Here is my best "Technicals for Dummies" explanation. BIG INSTITUTIONAL MONIES CONTROL THE DIRECTION OF THE MARKETS. When they buy the markets respond. Period! All of the day traders, investors, etc. combined buying a stock at the same time will not move higher of there is large institutional selling. If institutions are doing little or no buying or selling then markets move at a different pace.
NOW, with that understanding established, technical bottoms (support) form because institutions are buying all/any volume that is selling. It's just the opposite for tops (resistance) because the institutions are selling as much as people are willing to buy, and they are buying/selling more, in bulk, than the general market.
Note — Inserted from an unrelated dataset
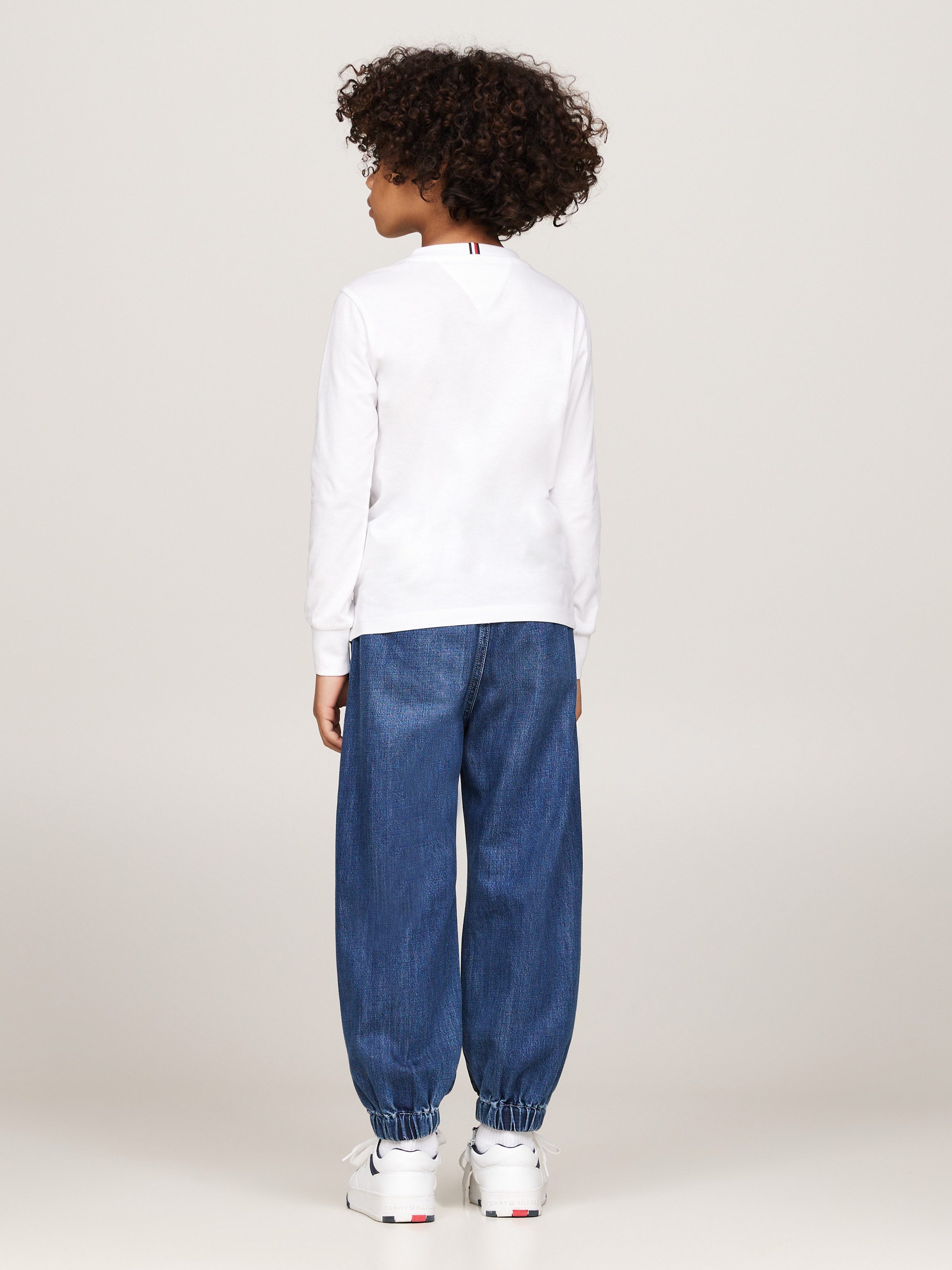 Tommy Hilfiger Shirt met lange mouwen met logo op borsthoogte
This is why one of the most valuable tools a professional trader has is a market maker tracker that includes a "lot" volume monitor. I can see that GE average trade is 178 shares for today. I have a minute/5 minute volume tracker pulled up and it shows an average of 222 shares trading. Ok, that is slightly higher than the overall daily volume but it certainly isn't institutional action. When I see a minute chart crunching out multiple 10k-100k share lots THEN we have institutional buying in play. When it takes the 5 minute average to 25k+ avg lot then it means something.
Pro traders can see this for individual stocks and for the market as a whole. It's ONE EXAMPLE of the dozens of tools used.